Supervisors' March 5 campus security Assistant Union County Schools Superintendent Wendy Faulkner speaks to the Union County Board of Supervisors about campus security needs.

Safety of students and teachers in county schools was the main business discussed during the Union County Board of Supervisors’ March 5, meeting Monday morning.

Wendy Faulkner, Assistant Superintendent of the Union County School District, told the board that the 17 deaths in the recent Florida school shooting has again focused attention on the need to improve protection of the 2,935 students in the Union County School District (UCSD). The district operates four K-12 school campuses in four widely separated locations. Two of the campuses — East Union and Myrtle — are 21 miles apart.

Union County Deputy Sheriff Steve Garrison serves as the only School Resource Officer (SRO) for all four UCSD campuses. The principals of all four campuses appeared with Faulkner, and all commended Garrison’s dedication to school safety, including travel to out-of-county athletic events. However, Faulkner, the school principals, and Union County Sheriff Jimmy Edwards all agreed that there is no way a single officer can assure safety at all four campuses at the same time.
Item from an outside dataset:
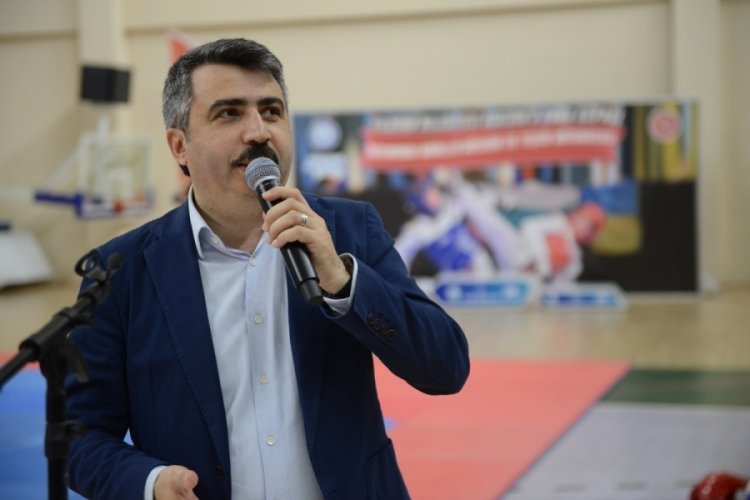 Bursa Yıldırım'da Atat&uuml;rk kupası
There have been several instances this school year when guns were found on the school campus, although there have been no instances of active shooters at any of the county schools.

Sheriff Edwards said that there had previously been an SRO for each UCSD campus, but that funding for that level of protection came from a grant, which has expired. Edwards said his office wants to work with the school district and the Board of Supervisors to find funding to provide a full-time security officer at each campus.

Assistant Superintendent Faulkner said UCSD had already initiated a program intended to put armed personnel in each school. She said training is underway that is expected to result in at least three administrators at each campus being trained with firearms and qualified for the concealed carry of handguns. However, she and Edwards stressed their belief that a trained, commissioned law enforcement officer at each campus is necessary to provide better safety for students and teachers.

A member of the Board of Supervisors told Tuesday afternoon that, while no specific plan has been firmly established, board members agreed after the Monday meeting that they must work with the sheriff and school officials to find funding for a deputy sheriff as SRO at each campus. Possible funding from a grant is being explored to supplement local tax money to make that possible.

In other business, New Albany Attorney Joe Marshal Davis appeared before the board in his capacity as attorney for the Tallahatchie River Drainage District. Davis said a professional review of several dams of lakes on private property in the county has revealed a need to assure that the dams meet safety standards. He said the overflow or spillway systems of the private dams must be brought up to standards, or regulations will require that the lakes be drained. Davis said he was simply informing the board of the need. He said the drainage district will be working with land owners and others to clear brush and perform other work to assure the safety of the private dams.

The supervisors approved the purchase of 27-1/2 acres of additional land for the Martintown West Industrial Park and an option for an additional 119 acres.

The board conducted other routine business including paying the bills, approving minutes of prior meeting, approving fee payments earned by public officials, and approval of the road work schedule for March.

The board will meet again at 10 am on Monday, March 19th.